→ **What is required**: A faithful copy of the data below is required, leaving out every picture.

→ **Provided material**:
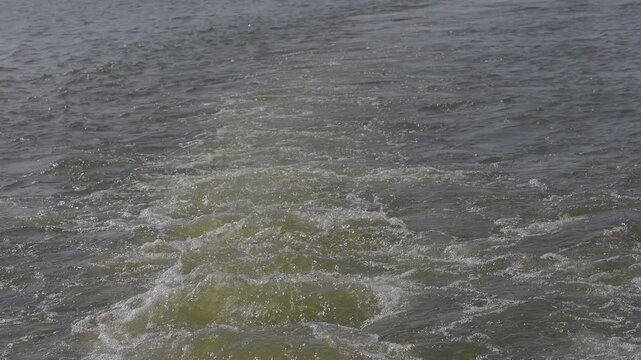 Summer Boating Activity on High Rock Lake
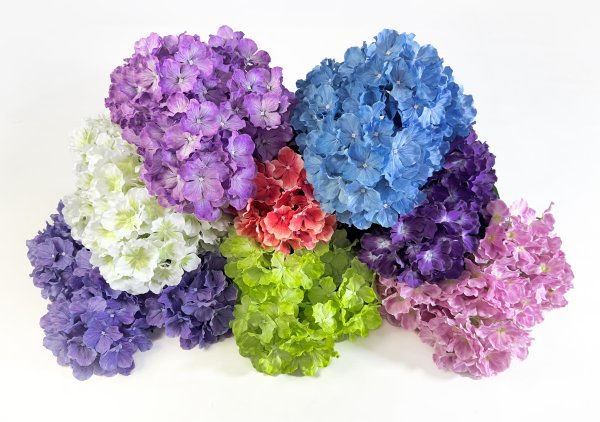 Гортензия 6 веток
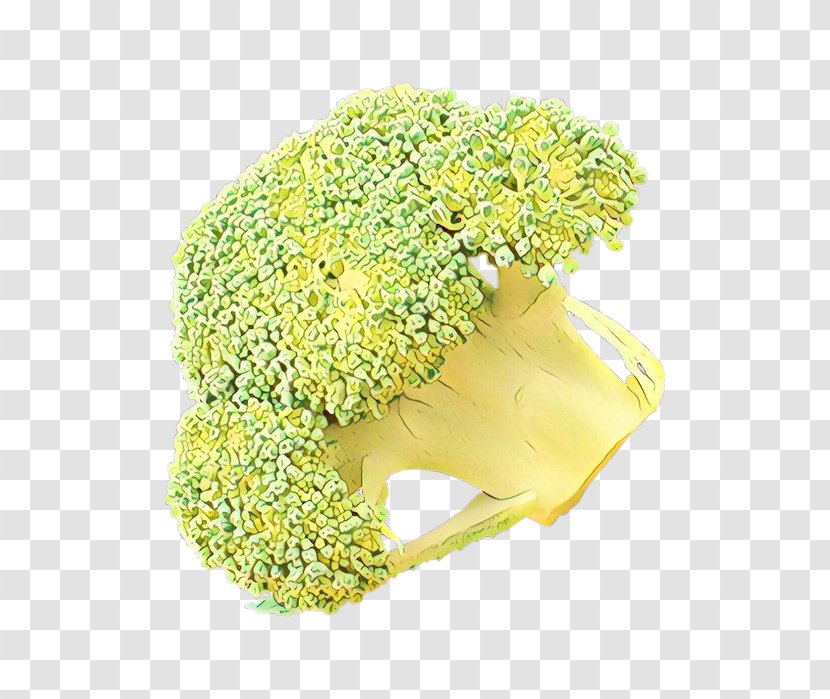 Yellow Cut Flowers Flower Plant Headgear - Hydrangea Cruciferous Vegetables Transparent PNG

→ **Answer to this task**:
 Summer Boating Activity on High Rock Lake
 Гортензия 6 веток
 Yellow Cut Flowers Flower Plant Headgear - Hydrangea Cruciferous Vegetables Transparent PNG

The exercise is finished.